The European Central Bank (ECB) reports a “significant slowdown in economic growth during the second quarter” for the eurozone and predicts “moderating momentum in the near term against a backdrop of high uncertainty.” According to its latest economic bulletin, recent surveys indicate “only modest expansion overall in both the manufacturing and services sectors.”
The ECB highlights that higher actual and anticipated tariffs, a strengthening euro, and persistent geopolitical uncertainty are reducing businesses’ willingness to invest. It further notes that “inflation prospects are more uncertain than usual due to volatility in the global trade policy landscape.” Annual inflation reached 2.0% in June 2025, up from 1.9% in May, with underlying inflation indicators broadly consistent with the Governing Council’s medium-term 2% target.
However, the central bank outlined significant risks to the inflation outlook. A stronger euro could push inflation lower than expected. Conversely, inflation could rise if higher tariffs trigger reduced demand for euro area exports and a shift towards imports from countries like China with excess production capacity. The ECB also warned that fragmentation in global supply chains could drive up import prices and tighten domestic capacity constraints, boosting inflation. Increased spending on defense and infrastructure, alongside extreme weather events and the unfolding climate crisis, could also push food prices and overall inflation higher than anticipated.
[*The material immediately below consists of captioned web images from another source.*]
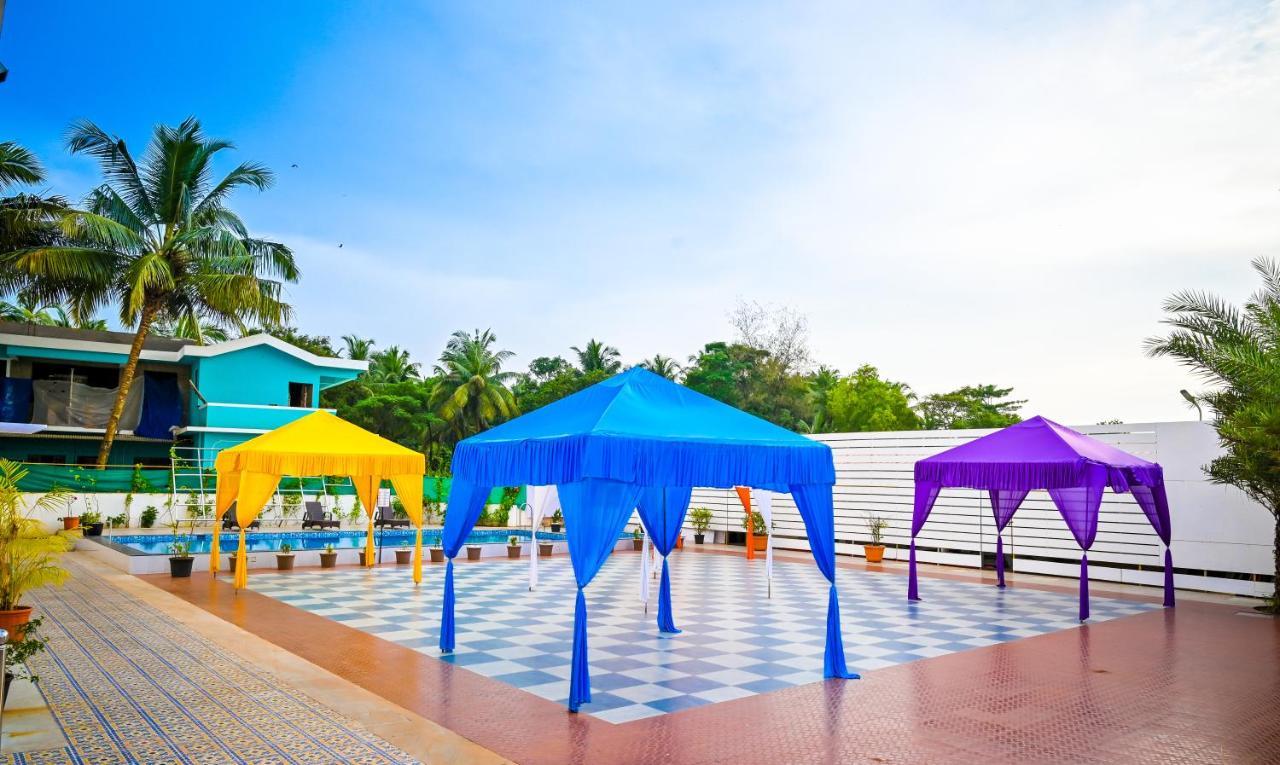 Hotel Laxmi Empire GOA Esterno foto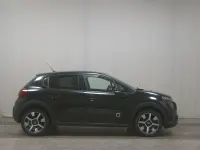 Gebraucht Citroën C3 Shine 102 PS (75 kW) 2020 Schwarz Kleinwagen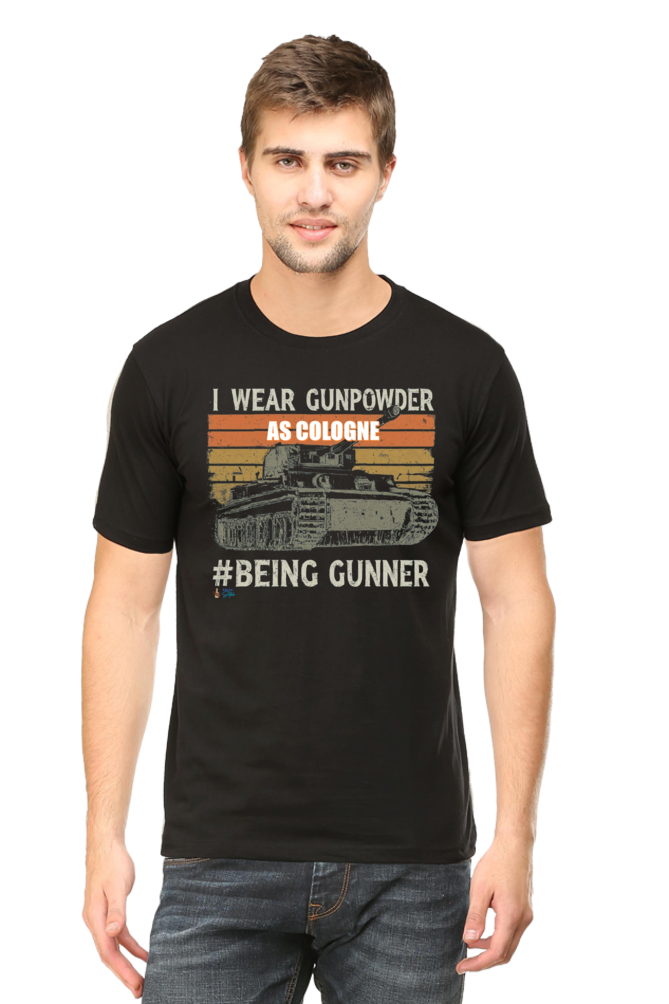 "Being Gunner" T-Shirt Men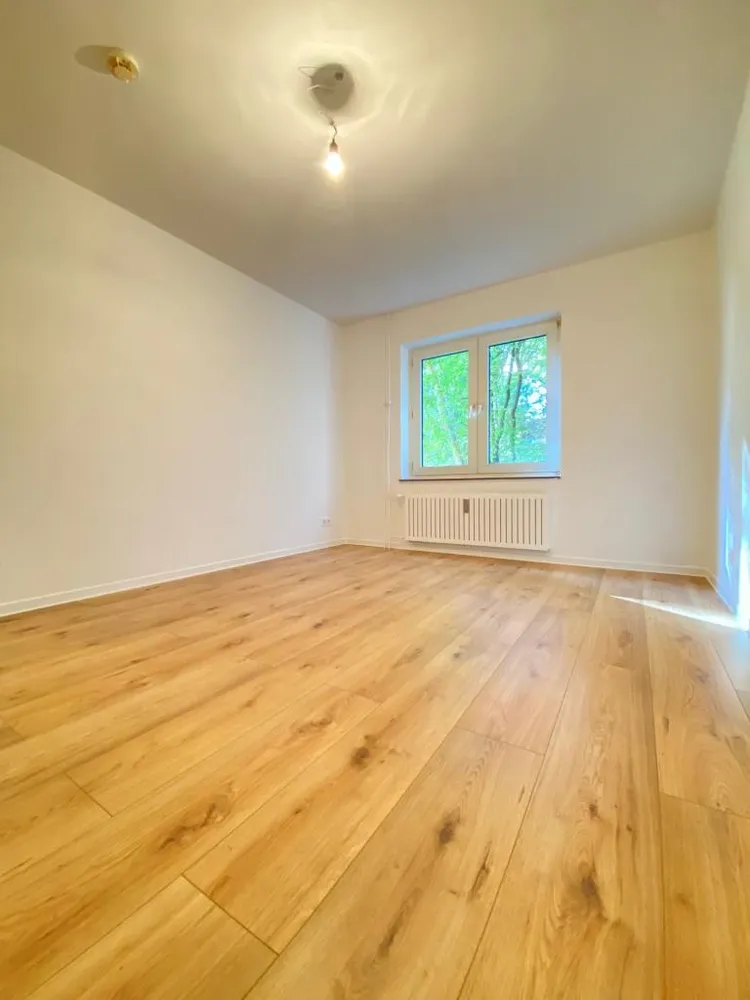 2 room apartment with 46 m² in Gelsenkirchen – Photo 3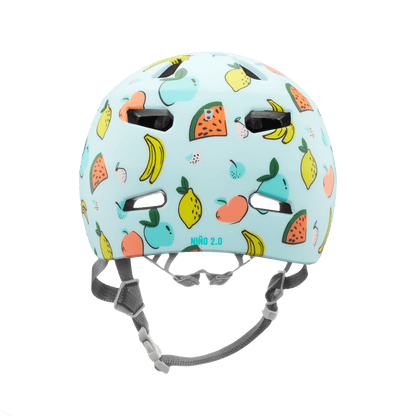 Casque Bern Nino 2.0 pour jeunes - Matte Fun Fruits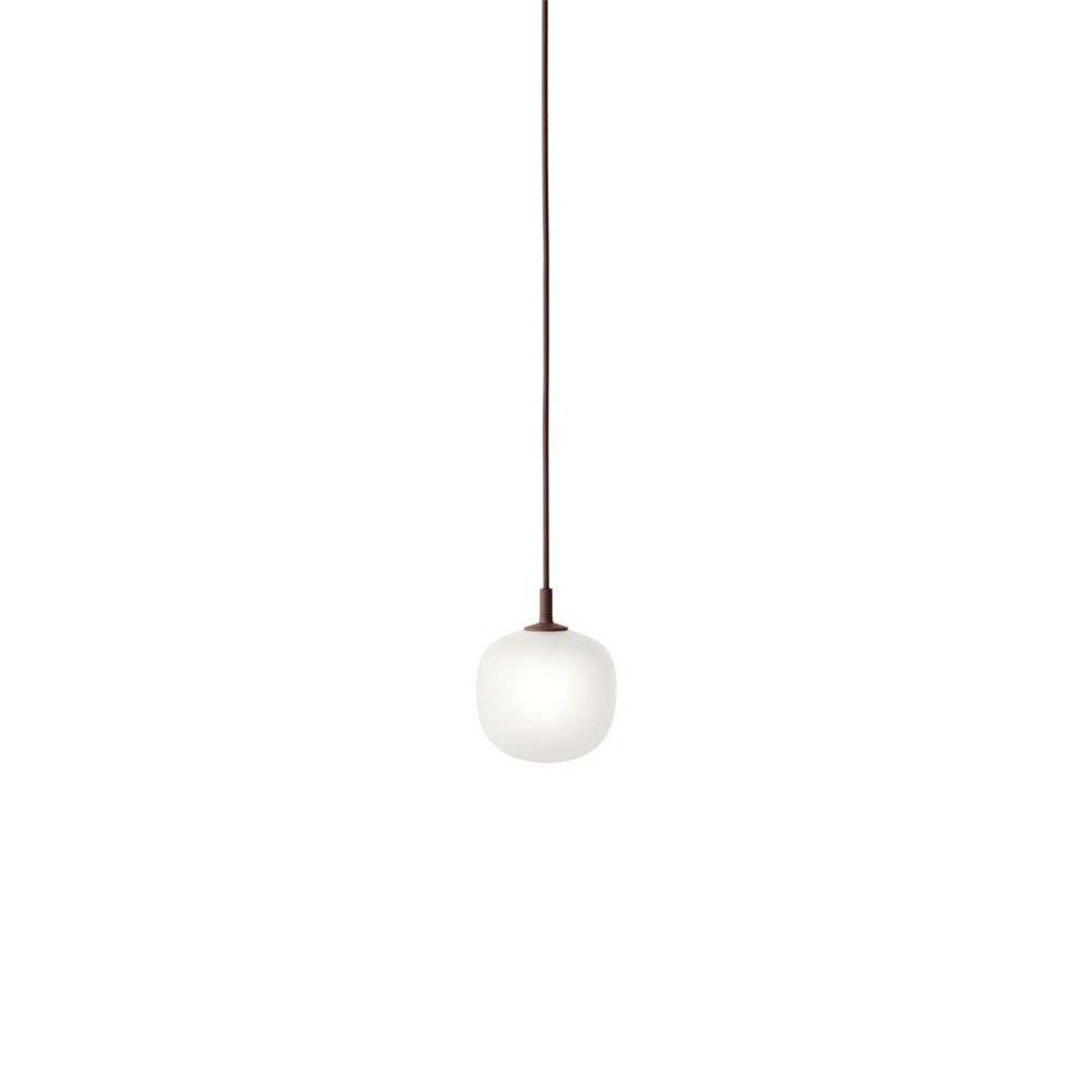 Rime Pendant Ø12 Deep Red - Muuto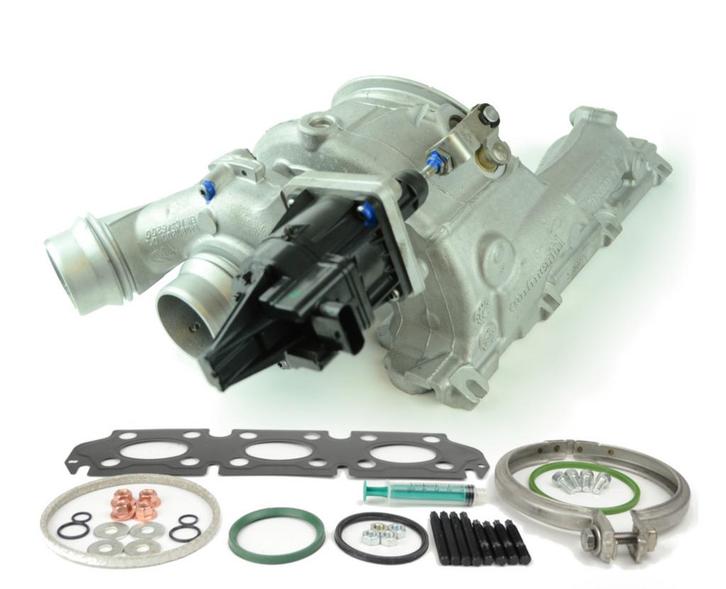 Nieuwe BMW Turbo 7633795  81799506 9895980 1.5 Mini Bmw, Auto-onderdelen, Motor en Toebehoren, BMW, Nieuw, Ophalen of Verzenden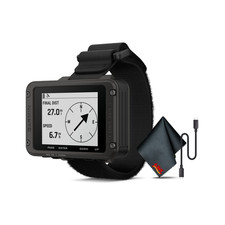 Garmin Foretrex 801 with 6Ave Cleaning Cloth
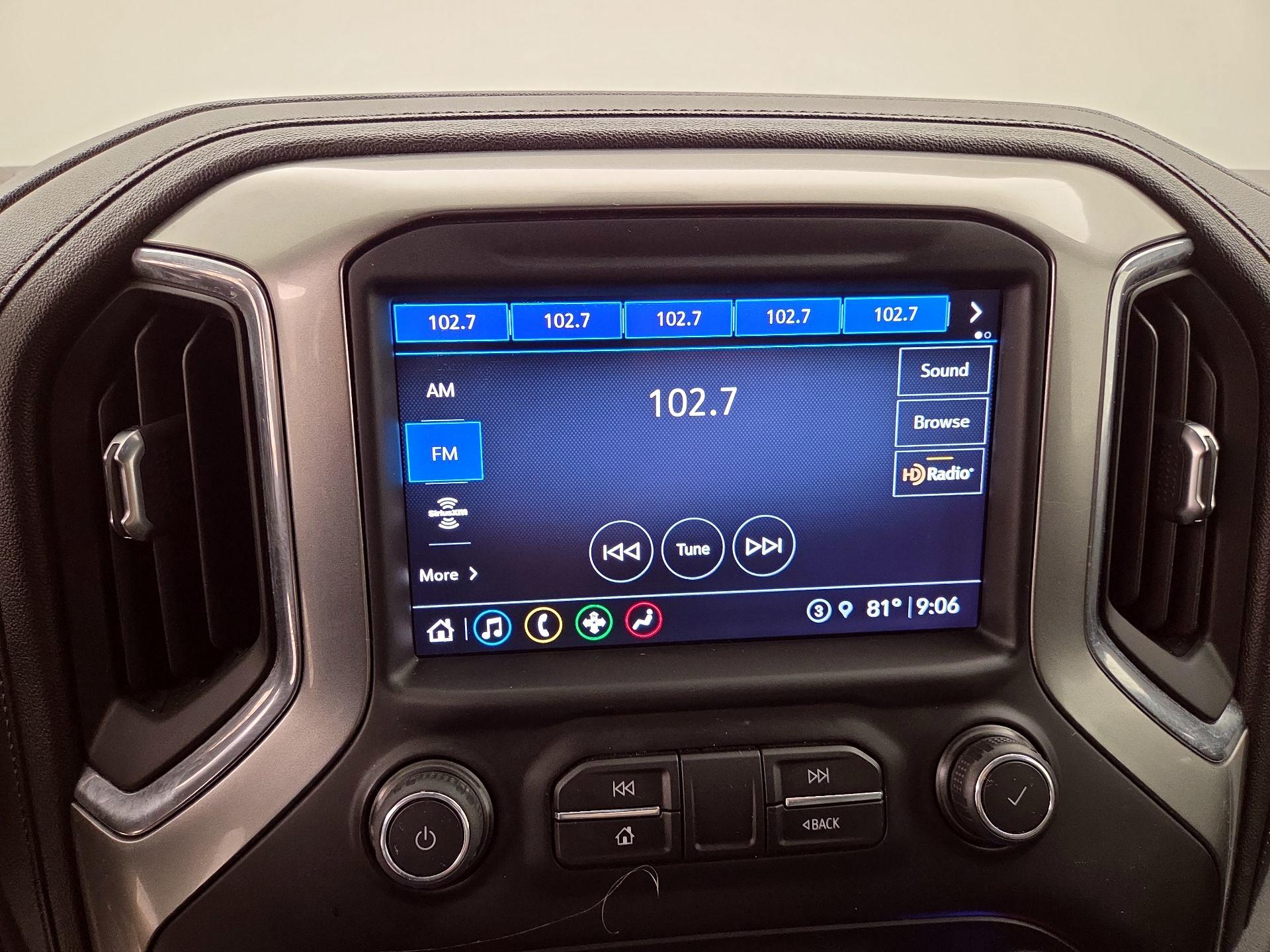 Thumbnail: 2021 Chevrolet Silverado 1500 - 15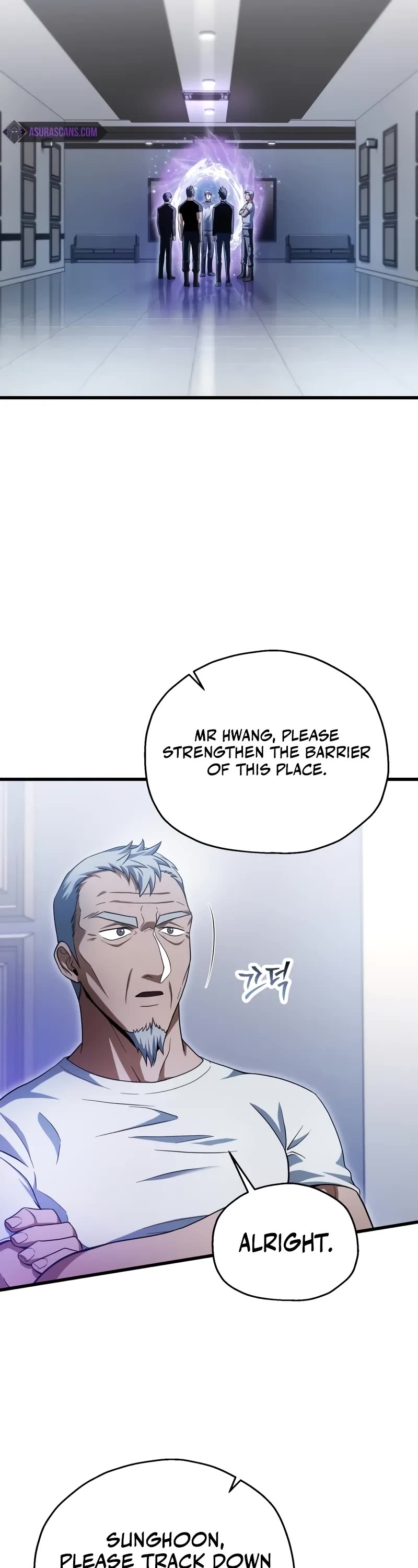 The Player That Can't Level Up Chapter 170 page 13 - Chapter 170: S3 End
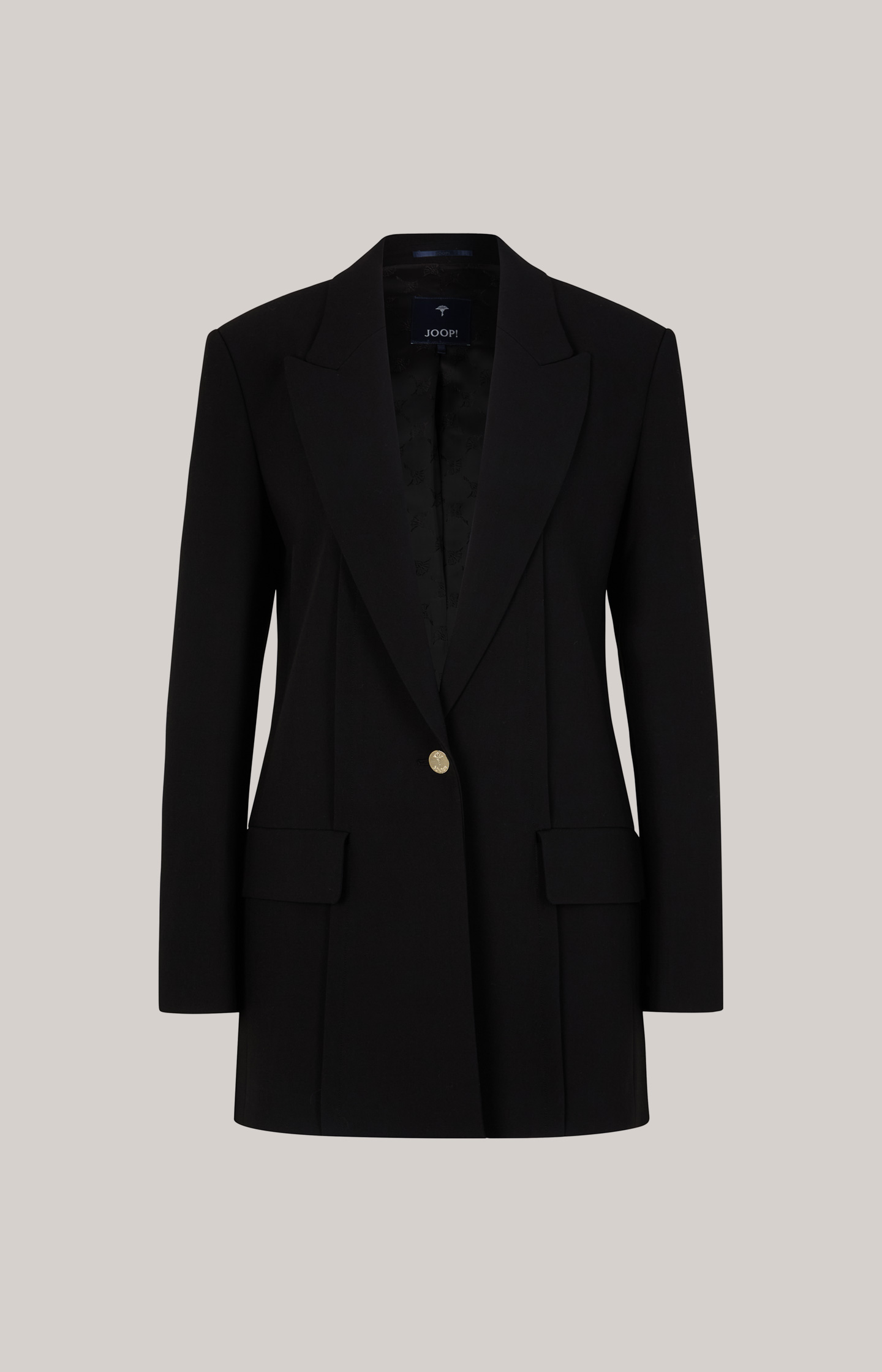 longblazer-damen-schwarz-869axj-1.jpg longblazer damen schwarz – Bild 1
Meanwhile, falling interest rates are stimulating household mortgage demand within the eurozone. In contrast, tariffs and geopolitical tensions are acting as a brake on corporate credit. The ECB bulletin states that “Banks’ concerns about clients’ economic risks had a tightening impact on credit standards,” though this was largely offset by increased competition among lenders. Consequently, corporate loan demand saw a slight increase in Q2, aided by lower rates. Nonetheless, businesses maintained caution due to global uncertainty and trade tensions.
“Many banks cited the dampening effect of global uncertainty and related trade tensions on corporate loan demand,” the report specified. For housing loans, the ECB attributes the strong surge in demand primarily to falling interest rates, improved residential real estate market prospects, and, to a lesser extent, rising consumer confidence.